Qaumajuq is unlike any space that Heather Igloliorte has even seen before and that’s saying a lot given she’s a curator and art historian.
The new, 17,186 square metre museum is home to the largest public collection of contemporary Inuit art in the world.
Igloliorte, an Inuk scholar, is also one of the co-curators of the first exhibition to be on display at the new $65 million Inuit Art Centre, known as Qaumajuq, at the Winnipeg Art Gallery (WAG).
The exhibition, INUA, is also the first time a curatorial team represents all four regions of Inuit Nunangat. All four of the curators also have included work of their family members in the exhibit.
Igloliorte included a beaded, caribou hide purse that her grandmother made.
“It’s pretty amazing to get to get to include your own family members in an exhibition and to really honour those connections. I think as Inuit, we’re not a big population, we’re maybe 70,000 people in Canada today and if you think about this collection having 14,000 works, I think there’s a lot of Inuit who have relatives that are in this building. I think it’s really exciting.,” says Igloliorte.
Many of Igloliorte’s family members are involved in the art world in one way and she believes that is likely the case for many Inuit.
She is not just one of the curator’s of INUA, she is also a co-chair of the WAG’s Indigenous Advisory Committee.
The conversation around what it means to have the largest collection of contemporary Inuit art located in Winnipeg instead of in Inuit Nunangat somewhere was one that happened very early on.
“It was really important to us that we talk to people who work all throughout arts and culture in the city and to bring in elders and to build that relationship before the ground was even broken for the opening of the museum. We’re so grateful to the Indigenous peoples of this land who are hosting the institution here,” says Igloliorte.
The government of Nunavut collection that includes thousands of works are on long term loan to the WAG right now.
Igloliorte says WAG has the expertise and digitization technology to take care of the collection now and to make sure it goes home in the near future.

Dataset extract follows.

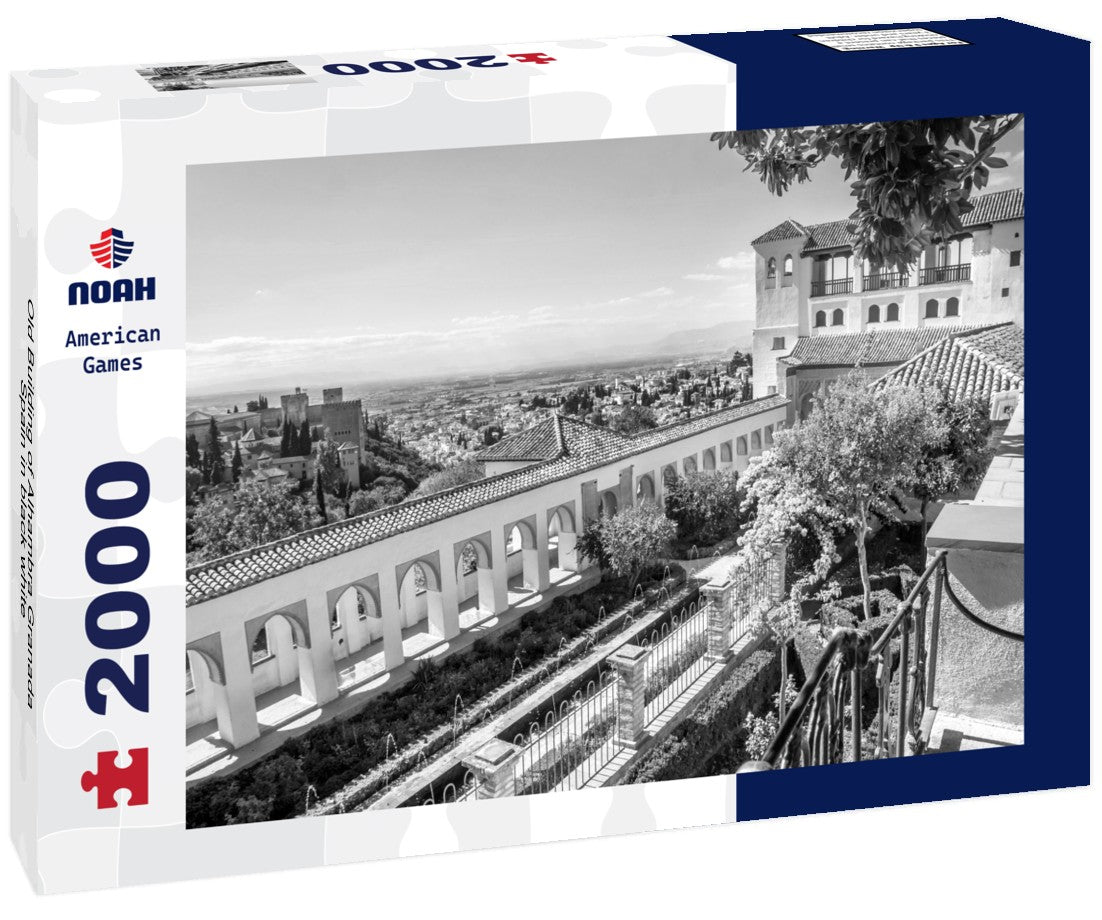 Noah Jigsaw Puzzle Old Building of Alhambra Granada, Spain in black white 2000 pieces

She believes new exhibits like INUA are changing the narrative on Inuit art, allowing Inuit to tell their stories from their own perspectives.
“What we’re really hoping as a curatorial team is that people who maybe think about Inuit art in one way, that really important history of sculptures and prints and drawings and wall hangings and other practices, we really want them to come and see that Inuit art is anything made by an Inuk and that it can be anything,” says Igloliorte.